Oil Drops as Fiscal Cliff Approaches

NEW YORK (AP) -- Oil prices fell as much as $2 a barrel Friday as doubts intensified over whether political leaders in Washington could reach a deal on the budget before a package of tax hikes and spending cuts automatically kicks in with the new year.

In morning trading benchmark crude for February delivery fell $1.54 to $88.59 per barrel in New York. It was as low as $87.96 at one point.

In London, Brent crude, used to price international varieties of oil, fell 82 cents to $109.38 per barrel.

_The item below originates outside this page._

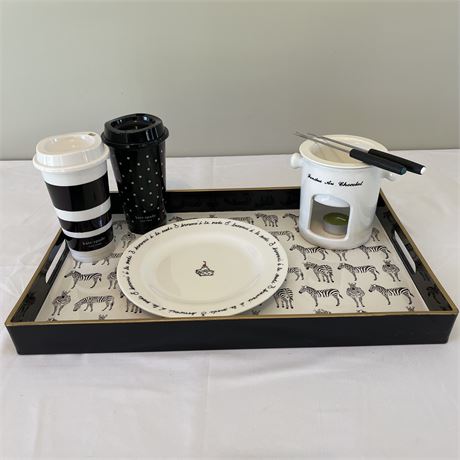 Kate Spade Coffee Tumblers, Pottery Barn Dessert Plate & Fondue Set on Tray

If Republicans and Democrats don't work out a compromise in the next 10 days, the U.S. could go over the so-called "fiscal cliff," a reference to hundreds of billions of dollars in tax increases and government spending cuts that take effect if a budget deal is not reached. Many economists fear that would eventually push the U.S. back into recession, a situation that would likely mean less energy demand.

Late Thursday House Republicans abruptly put off a vote on an alternative plan offered by House Speaker John Boehner that would prevent scheduled tax increases from taking effect on Jan. 1 on all income under $1 million. President Barack Obama wants the cutoff point to be $400,000.

On Friday morning, Boehner signaled talks are still open.

In other energy futures trading on the New York Mercantile Exchange:

  • Natural gas rose 2 cents to $3.48 per 1,000 cubic feet.
  • Heating oil fell 2 cents to $3.02 a gallon.
  • Wholesale gasoline fell 2 cents to $2.73 a gallon.